►

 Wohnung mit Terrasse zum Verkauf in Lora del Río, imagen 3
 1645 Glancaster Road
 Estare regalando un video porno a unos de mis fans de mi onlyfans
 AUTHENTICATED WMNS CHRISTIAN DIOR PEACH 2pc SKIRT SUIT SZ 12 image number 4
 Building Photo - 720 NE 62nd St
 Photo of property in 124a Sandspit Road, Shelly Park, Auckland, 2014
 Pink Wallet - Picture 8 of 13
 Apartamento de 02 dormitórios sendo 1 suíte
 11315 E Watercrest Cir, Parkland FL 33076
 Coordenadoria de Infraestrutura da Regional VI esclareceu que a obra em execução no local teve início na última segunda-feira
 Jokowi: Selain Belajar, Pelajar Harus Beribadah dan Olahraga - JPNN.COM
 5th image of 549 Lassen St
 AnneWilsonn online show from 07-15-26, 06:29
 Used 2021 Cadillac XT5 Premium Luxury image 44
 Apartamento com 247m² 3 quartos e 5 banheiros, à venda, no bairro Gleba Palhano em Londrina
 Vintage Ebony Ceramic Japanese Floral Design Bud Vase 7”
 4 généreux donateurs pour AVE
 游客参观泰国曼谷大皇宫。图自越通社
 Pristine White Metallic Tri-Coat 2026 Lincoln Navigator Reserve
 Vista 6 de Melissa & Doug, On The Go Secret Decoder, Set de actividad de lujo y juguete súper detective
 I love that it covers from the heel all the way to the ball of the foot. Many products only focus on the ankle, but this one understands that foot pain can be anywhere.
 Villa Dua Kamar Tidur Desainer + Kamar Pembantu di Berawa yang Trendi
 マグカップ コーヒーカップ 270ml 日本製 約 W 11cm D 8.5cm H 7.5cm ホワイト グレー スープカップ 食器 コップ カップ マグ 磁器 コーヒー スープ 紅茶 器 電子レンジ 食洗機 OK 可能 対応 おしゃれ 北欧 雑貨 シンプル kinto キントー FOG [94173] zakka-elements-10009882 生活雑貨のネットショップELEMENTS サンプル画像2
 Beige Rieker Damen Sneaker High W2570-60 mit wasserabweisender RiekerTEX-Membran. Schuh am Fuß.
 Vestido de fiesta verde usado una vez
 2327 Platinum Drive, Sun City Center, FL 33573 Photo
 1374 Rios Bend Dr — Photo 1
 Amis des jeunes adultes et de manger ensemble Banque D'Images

◄

### Work order:
Look through the entries above and quote exactly the lines from the line with "Apartamento de 02 dormitórios sendo 1 suíte" to the line with "Coordenadoria de Infraestrutura", counting both of those lines.

### Solution for this problem:
 Apartamento de 02 dormitórios sendo 1 suíte
 11315 E Watercrest Cir, Parkland FL 33076
 Coordenadoria de Infraestrutura da Regional VI esclareceu que a obra em execução no local teve início na última segunda-feira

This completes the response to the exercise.